While the CFR dictates that the TBELs are the floor to discharges allowed in NPDES permits, the only floor to water-quality based effluent limitations (WQBELs) prescribed for impaired waters is the water-quality standards themselves.

“In no event may such a permit to discharge into waters be renewed, issued, or modified to contain a less stringent effluent limitation if the implementation of such limitation would result in a violation of a water quality standard under section 303 applicable to such waters. (40 CFR §122.44(l)(2)(ii) (emphasis added.)

When developing water quality-based effluent limits under this paragraph the permitting authority shall ensure that: [¶] (A) The level of water quality to be achieved by limits on point sources established under this paragraph is derived from, and complies with all applicable water quality standards; and [¶](B)Effluent limits developed to protect a narrative water quality criterion, a numeric water quality criterion, or both, are consistent with the assumptions and requirements of any available wasteload allocation for the discharge prepared by the State and approved by EPA pursuant to 40 CFR 130.7. ” (40 CFR §122.44(d)(1)(vii) (emphasis added).)

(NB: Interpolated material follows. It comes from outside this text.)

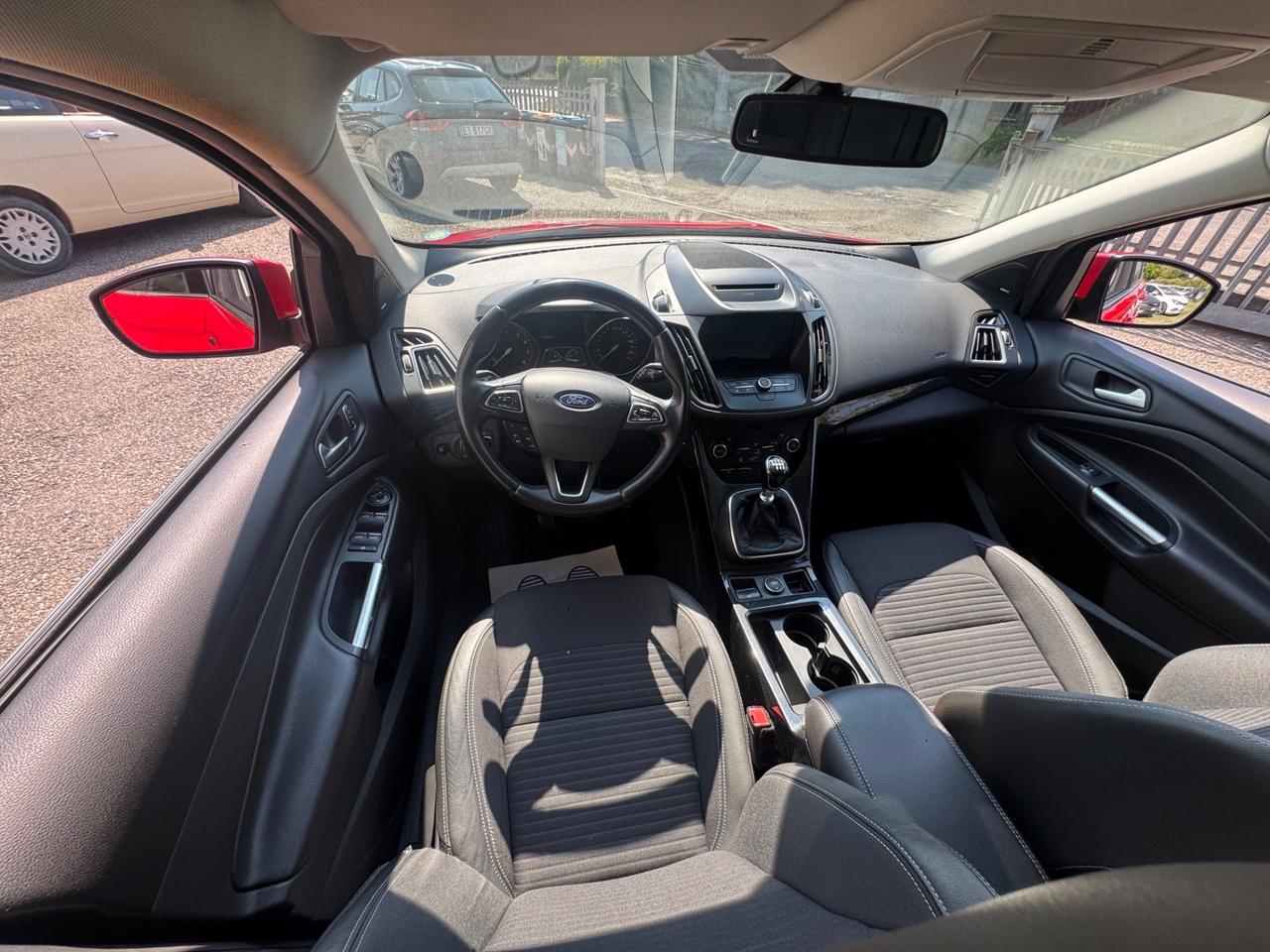Ford Kuga 1.5 EcoBoost 120 CV S&S 2WD Titanium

Although the federal anti-backsliding stature would ordinarily preclude the relaxation of a WQBEL, a specific exception exists when such relaxation is in the context of a TMDL:

“[A] permit may not be renewed, reissued, or modified to contain effluent limitations which are less stringent than the comparable effluent limitations in the previous permit except in compliance with section 1313(d)(4) [303(d)(4)] of this title. (33 USC § 1342(o)(1).)”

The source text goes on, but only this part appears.